Model Credentialed Access
Shareable Artificial Intelligence to Extract Cancer Outcomes from Electronic Health Records for Precision Oncology Research
Kenneth Kehl , Pavel Trukhanov , Christopher Fong , Justin Jee , Karl Pichotta , Morgan Paul , Chelsea Nichols , Michele Waters , Nikolaus Schultz , Deborah Schrag
Published: Oct. 24, 2024. Version: 1.0.0
When using this resource, please cite:
(show more options)
Kehl, K., Trukhanov, P., Fong, C., Jee, J., Pichotta, K., Paul, M., Nichols, C., Waters, M., Schultz, N., & Schrag, D. (2024). Shareable Artificial Intelligence to Extract Cancer Outcomes from Electronic Health Records for Precision Oncology Research (version 1.0.0). PhysioNet. https://doi.org/10.13026/h2nj-p344.
Please include the standard citation for PhysioNet:
(show more options)
Goldberger, A., Amaral, L., Glass, L., Hausdorff, J., Ivanov, P. C., Mark, R., ... & Stanley, H. E. (2000). PhysioBank, PhysioToolkit, and PhysioNet: Components of a new research resource for complex physiologic signals. Circulation [Online]. 101 (23), pp. e215–e220.
Abstract
Databases that link molecular data to clinical outcomes can inform precision cancer research into novel prognostic and predictive biomarkers. However, outside of clinical trials, cancer outcomes are typically recorded only in text form within electronic health records (EHRs). Artificial intelligence (AI) models have been trained to extract outcomes from individual EHRs. However, patient privacy restrictions have historically precluded dissemination of these models beyond the centers at which they were trained. In this study, the vulnerability of text classification models trained directly on protected health information to membership inference attacks was confirmed. A teacher-student distillation approach was applied to develop shareable models for annotating outcomes from imaging reports and medical oncologist notes. ‘Teacher’ models trained on EHR data from Dana-Farber Cancer Institute (DFCI) were used to label imaging reports and discharge summaries from the Medical Information Mart for Intensive Care (MIMIC)-IV dataset. ‘Student’ models were trained to use these MIMIC documents to predict the labels assigned by teacher models and sent to Memorial Sloan Kettering (MSK) for evaluation. The student models exhibited high discrimination across outcomes in both the DFCI and MSK test sets. These student models, “DFCI-imaging-student” and “DFCI-medonc-student,” are shared here.
Background
The incorporation of electronic health records (EHRs) into routine cancer care delivery could accelerate precision cancer research by unlocking data on patient phenotypes and clinical outcomes at scale [1]. For example, Project GENIE[2] from the American Association for Cancer Research (AACR) has gathered deidentified tumor genomic next-generation sequencing panels from tens of thousands of patients to inform observational precision oncology research. However, key phenotypic variables needed for this purpose, such as cancer type, external treatment history, performance status, and clinical outcomes, are generally recorded only in unstructured text in routine practice.

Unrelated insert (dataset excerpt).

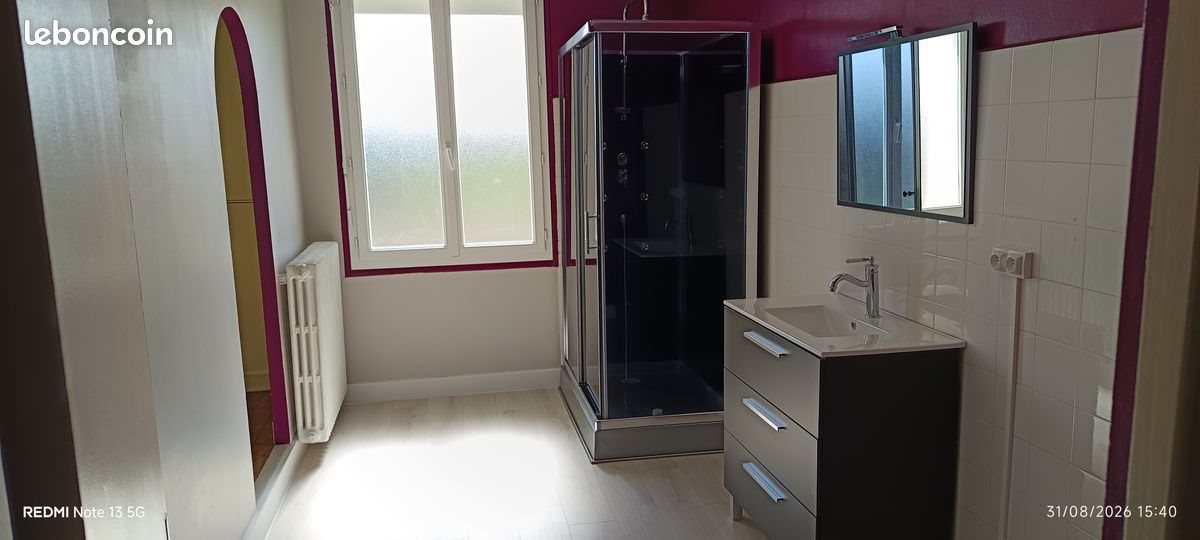 Maison à louer, 84m², La Jonchère-Saint-Maurice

To address this challenge, the AACR GENIE Biopharma Collaborative [3] (BPC) project is gathering clinical data at scale via extensive annotation of EHR documents for a subset of GENIE patients with solid tumors to facilitate patient-relevant research questions about the impact of tumor molecular characteristics on clinical outcomes. Records for approximately 16,000 patients are undergoing highly granular manual annotation; approximately 150,000 imaging reports, pathology reports, and clinical notes have already been curated. Still, this dataset is an order of magnitude smaller than the number of tumor specimens for which genomic data are available in GENIE.[4] The manual medical records review needed to obtain these clinical variables is too slow and resource-intensive to scale further. To make full use of clinico-genomic datasets, natural language processing (NLP) and artificial intelligence (AI) methods are needed to extract key validated oncologic phenotypes from longitudinal EHR data.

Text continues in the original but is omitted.